> AVAILABLE DATA:
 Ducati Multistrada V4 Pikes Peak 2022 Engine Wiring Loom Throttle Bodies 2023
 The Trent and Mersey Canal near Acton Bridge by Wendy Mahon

* * *

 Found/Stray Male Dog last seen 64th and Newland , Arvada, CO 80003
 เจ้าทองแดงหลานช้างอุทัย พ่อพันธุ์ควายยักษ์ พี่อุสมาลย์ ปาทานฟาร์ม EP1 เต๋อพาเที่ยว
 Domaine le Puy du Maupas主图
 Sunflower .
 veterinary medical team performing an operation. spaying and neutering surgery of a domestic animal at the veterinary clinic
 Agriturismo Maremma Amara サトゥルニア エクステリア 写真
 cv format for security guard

> TASK GOAL: Among the records above, a stretch begins at the line containing "Ducati Multistrada V4" and ends at the line containing "The Trent and". Restate that stretch word for word, and nothing else.

> PROBLEM SOLUTION:
 Ducati Multistrada V4 Pikes Peak 2022 Engine Wiring Loom Throttle Bodies 2023
 The Trent and Mersey Canal near Acton Bridge by Wendy Mahon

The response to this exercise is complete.